**Try it**
Using the records below, give again exactly the lines from the line that contains "2 Pcs 316 Ss" through the line that contains "Sting X® Benzocaine", both ends included, and only those.

**Entries shown**
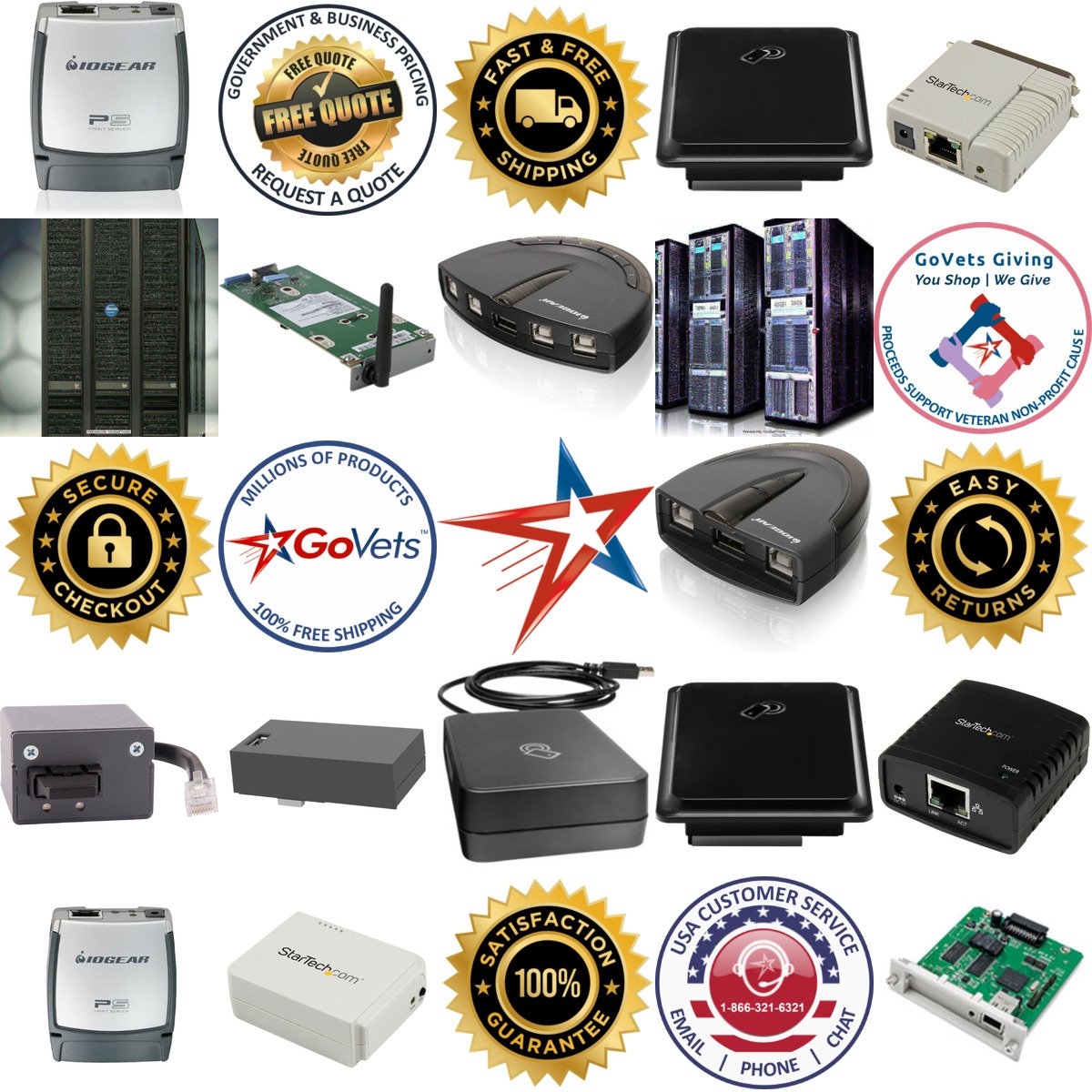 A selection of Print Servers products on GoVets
* * *
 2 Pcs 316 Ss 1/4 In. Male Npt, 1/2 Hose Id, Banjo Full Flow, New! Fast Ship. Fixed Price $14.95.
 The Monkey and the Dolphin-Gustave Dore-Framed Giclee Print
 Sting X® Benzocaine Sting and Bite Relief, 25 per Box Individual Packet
...
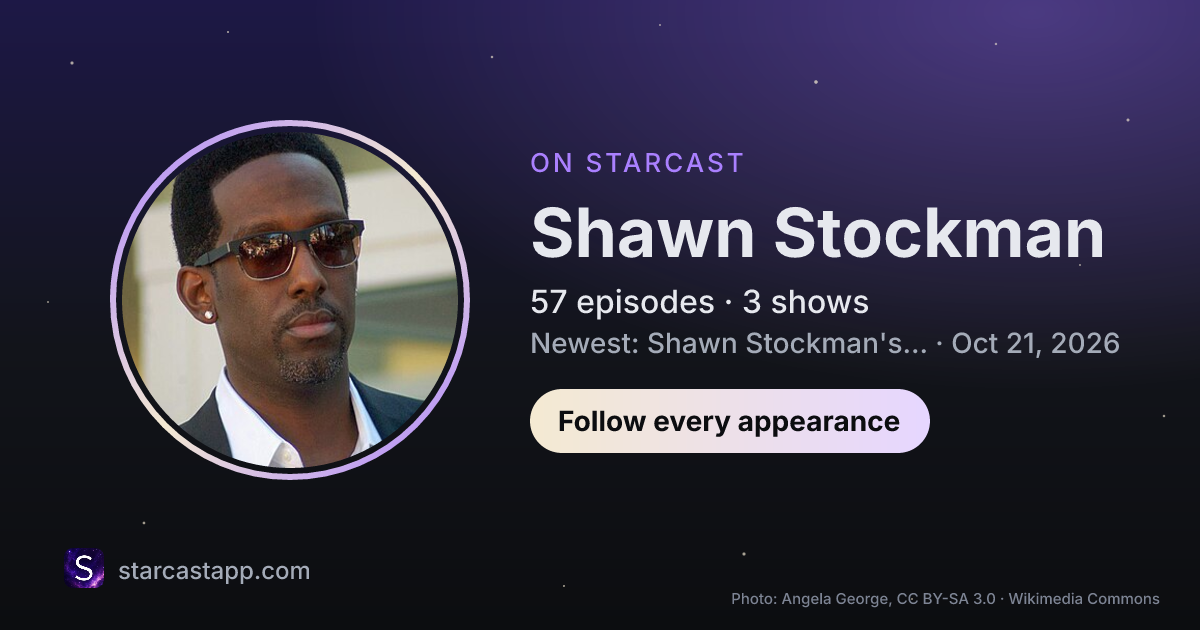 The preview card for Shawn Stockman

**Result of this task**
 2 Pcs 316 Ss 1/4 In. Male Npt, 1/2 Hose Id, Banjo Full Flow, New! Fast Ship. Fixed Price $14.95.
 The Monkey and the Dolphin-Gustave Dore-Framed Giclee Print
 Sting X® Benzocaine Sting and Bite Relief, 25 per Box Individual Packet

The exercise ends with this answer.